708 Flüchtlinge aus 26 Ländern leben in Wolfenbüttel



Wolfenbüttel

708 Flüchtlinge aus 26 Ländern leben in Wolfenbüttel

von Anke Donner


Derzeit sind in der Stadt Wolfenbüttel 708 Flüchtlinge untergebracht. Symbolfoto: Jan Borner Foto: Jan Borner

Artikel teilen per:

Wolfenbüttel. Die Stadtverwaltung klärt im kommenden Ausschuss für Jugend und Soziales am 29. September über die aktuelle Situation zur Aufnahme und Unterbringung sowie zur Unterstützung von Flüchtlingen auf.



So wird die Verwaltung mitteilten, dass die Stadt Wolfenbüttel seit November 2013 insgesamt 1.045 Flüchtlinge aufgenommen hat. In der Zwischenzeit hätten aber 337 Personen das Stadtgebiet bereits wieder verlassen oder eine eigene Wohnung bezogen und sind damit aus dem Anwendungsbereich des Aufnahmegesetzes herausgefallen. Insoweit bestehe ein derzeitiger Aufenthalt von Flüchtlingen im Stadtgebiet von 708 Personen aus folgenden 26 Herkunftsländern: Türkei Kosovo Montenegro Mazedonien Griechenland Georgien Bosnien, Serbien Albanien russische Föderation, Südsudan Marokko Algerien Somalia, Kongo, Simbabwe, Eritrea, Kamerun Elfenbeinküste und Sudan, Vietnam, Palästina Afghanistan Irak Iran, Libanon Pakistan, Syrien.

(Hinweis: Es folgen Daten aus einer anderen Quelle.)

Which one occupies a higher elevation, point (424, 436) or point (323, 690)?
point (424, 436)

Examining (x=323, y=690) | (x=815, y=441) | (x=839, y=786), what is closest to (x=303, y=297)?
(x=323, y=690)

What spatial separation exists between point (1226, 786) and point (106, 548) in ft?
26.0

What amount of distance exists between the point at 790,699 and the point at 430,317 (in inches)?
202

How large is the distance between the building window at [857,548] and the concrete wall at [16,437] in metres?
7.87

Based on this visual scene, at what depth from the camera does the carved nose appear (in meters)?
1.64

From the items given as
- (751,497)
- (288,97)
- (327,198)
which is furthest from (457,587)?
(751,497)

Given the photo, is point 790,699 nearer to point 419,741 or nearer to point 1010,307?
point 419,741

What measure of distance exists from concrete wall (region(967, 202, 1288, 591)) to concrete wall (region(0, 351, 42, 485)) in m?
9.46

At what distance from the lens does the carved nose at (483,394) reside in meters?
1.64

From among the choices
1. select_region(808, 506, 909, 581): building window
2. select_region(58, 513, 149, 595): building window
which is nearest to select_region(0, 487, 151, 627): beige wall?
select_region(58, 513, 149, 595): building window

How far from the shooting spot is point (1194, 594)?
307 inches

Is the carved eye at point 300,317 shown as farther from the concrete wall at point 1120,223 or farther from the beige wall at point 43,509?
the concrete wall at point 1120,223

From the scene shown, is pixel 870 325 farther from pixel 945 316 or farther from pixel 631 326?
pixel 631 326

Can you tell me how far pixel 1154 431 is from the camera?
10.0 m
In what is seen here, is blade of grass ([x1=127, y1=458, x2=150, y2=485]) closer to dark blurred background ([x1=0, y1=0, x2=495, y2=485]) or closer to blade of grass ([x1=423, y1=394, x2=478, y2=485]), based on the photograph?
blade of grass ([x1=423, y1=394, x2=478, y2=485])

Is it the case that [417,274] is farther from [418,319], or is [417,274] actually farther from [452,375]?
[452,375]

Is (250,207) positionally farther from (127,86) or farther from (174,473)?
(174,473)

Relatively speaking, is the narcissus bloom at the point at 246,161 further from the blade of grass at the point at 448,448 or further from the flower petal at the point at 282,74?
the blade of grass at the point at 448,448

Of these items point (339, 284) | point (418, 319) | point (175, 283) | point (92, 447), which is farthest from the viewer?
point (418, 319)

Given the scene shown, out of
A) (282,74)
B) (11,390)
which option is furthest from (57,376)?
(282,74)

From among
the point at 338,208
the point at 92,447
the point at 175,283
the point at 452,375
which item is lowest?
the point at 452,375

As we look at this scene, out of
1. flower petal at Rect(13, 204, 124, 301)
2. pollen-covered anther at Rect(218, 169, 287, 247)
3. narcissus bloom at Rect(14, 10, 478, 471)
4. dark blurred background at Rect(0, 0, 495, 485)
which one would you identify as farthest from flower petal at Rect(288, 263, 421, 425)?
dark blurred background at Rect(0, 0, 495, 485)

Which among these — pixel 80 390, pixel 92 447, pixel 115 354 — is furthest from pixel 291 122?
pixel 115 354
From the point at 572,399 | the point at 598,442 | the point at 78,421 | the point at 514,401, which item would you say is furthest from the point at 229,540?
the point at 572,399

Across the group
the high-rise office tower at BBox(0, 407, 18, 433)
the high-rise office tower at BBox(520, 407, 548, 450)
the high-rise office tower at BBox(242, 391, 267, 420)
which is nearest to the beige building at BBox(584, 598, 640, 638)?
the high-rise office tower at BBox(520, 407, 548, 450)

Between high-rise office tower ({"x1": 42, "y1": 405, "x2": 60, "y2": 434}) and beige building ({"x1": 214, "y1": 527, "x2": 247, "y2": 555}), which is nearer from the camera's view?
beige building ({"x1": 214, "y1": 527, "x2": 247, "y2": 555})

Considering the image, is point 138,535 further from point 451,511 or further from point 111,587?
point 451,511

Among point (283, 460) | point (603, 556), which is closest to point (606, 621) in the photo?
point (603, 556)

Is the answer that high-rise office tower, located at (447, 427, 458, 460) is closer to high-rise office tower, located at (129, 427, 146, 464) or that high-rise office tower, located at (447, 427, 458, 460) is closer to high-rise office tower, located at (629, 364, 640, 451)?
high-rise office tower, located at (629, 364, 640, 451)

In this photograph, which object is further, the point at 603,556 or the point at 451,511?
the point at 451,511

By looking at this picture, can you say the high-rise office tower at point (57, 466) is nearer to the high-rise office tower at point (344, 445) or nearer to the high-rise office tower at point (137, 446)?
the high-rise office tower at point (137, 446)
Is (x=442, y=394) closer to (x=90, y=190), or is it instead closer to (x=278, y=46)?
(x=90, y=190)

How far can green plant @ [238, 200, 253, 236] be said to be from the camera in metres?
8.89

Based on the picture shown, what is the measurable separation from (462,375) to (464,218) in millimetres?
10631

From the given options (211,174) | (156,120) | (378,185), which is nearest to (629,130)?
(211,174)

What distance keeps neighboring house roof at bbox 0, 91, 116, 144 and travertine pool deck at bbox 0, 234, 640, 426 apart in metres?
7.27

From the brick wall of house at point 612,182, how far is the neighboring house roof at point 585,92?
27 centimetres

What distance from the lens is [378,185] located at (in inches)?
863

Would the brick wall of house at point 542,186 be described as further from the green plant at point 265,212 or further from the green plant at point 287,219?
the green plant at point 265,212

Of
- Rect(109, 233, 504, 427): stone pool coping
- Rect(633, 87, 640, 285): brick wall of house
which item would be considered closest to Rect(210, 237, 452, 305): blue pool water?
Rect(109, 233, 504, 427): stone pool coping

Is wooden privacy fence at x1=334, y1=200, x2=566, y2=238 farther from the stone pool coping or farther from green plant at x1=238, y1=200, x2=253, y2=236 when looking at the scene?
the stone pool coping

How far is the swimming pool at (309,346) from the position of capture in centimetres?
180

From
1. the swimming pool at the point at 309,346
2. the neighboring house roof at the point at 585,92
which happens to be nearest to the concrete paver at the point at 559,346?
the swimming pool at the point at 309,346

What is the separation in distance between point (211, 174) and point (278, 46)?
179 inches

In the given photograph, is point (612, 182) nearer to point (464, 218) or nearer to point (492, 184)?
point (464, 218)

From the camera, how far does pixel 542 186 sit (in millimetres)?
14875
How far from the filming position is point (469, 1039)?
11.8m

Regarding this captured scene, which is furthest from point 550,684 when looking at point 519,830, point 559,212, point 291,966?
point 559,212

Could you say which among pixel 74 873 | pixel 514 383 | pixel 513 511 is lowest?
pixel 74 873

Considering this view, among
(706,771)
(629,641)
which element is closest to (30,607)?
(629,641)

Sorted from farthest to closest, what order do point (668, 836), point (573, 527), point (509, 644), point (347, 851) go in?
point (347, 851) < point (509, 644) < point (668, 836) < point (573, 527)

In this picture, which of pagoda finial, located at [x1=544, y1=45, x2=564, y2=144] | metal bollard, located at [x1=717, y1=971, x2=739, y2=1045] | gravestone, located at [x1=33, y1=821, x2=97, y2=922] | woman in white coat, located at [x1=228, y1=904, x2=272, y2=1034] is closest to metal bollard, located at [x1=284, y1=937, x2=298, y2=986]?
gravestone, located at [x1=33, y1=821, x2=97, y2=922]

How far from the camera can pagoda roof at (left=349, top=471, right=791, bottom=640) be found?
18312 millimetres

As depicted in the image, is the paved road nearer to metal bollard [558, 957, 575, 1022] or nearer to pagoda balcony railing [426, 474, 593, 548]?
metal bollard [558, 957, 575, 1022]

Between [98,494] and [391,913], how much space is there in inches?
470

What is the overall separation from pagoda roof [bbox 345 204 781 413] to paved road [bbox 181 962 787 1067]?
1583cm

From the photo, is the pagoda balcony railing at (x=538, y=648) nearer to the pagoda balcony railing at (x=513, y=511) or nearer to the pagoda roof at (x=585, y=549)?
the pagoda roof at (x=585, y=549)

Keine verlässliche Prognose


Die aufgenommenen Flüchtlinge werden und sind überwiegend dezentral in Wohnungen untergebracht, teilte die Verwaltung mit. In der Gemeinschaftsunterkunft „Okeraue“ seien derzeit 152 Flüchtlinge untergebracht (Kapazität 220 Plätze), im Neues Jugendgästehaus 75 (Kapazität 130 Plätze), Obdachlosenunterkunft Salzdahlumer Straße 39 (Kapazität 40 Plätze), Hotel „Antoinette“ 17 (Kapazität 19 Plätze), Hotel „Gala“ (Wendessen) 17 (Kapazität 23 Plätze). Die Zugangszahlen des Jahres 2016 würden sich im Vergleich zum Vorjahr bisher deutlich geringer darstellen. Seit Jahresbeginn sind der Stadt Wolfenbüttel 268 Personen zugewiesen worden. Ende des Jahres 2015 wurde bis zur Jahresmitte 2016 noch mit einem Zugang von bis zu 500 Personen gerechnet. Die weitere Entwicklung sei mit Blick auf die derzeitig unsichere geopolitische Lage allerdings kaum verlässlich prognostizierbar. Von Seiten des Landes Niedersachsen sei zuletzt im Dezember 2015 eine Verteilquote festgelegt, nach der die Stadt im Ergebnis verpflichtet ist, 367 Personen aufzunehmen. Diese Verteilquote, die mit der Aufnahme und Unterbringung von über 300 Personen bereits größtenteils erfüllt worden ist, gilt nach mehrfacher Verlängerung nunmehr zunächst bis zum 30. September 2016. In welchem Umfang danach mit dem Zugang weiterer Flüchtlinge zu rechnen ist, bleibe abzuwarten.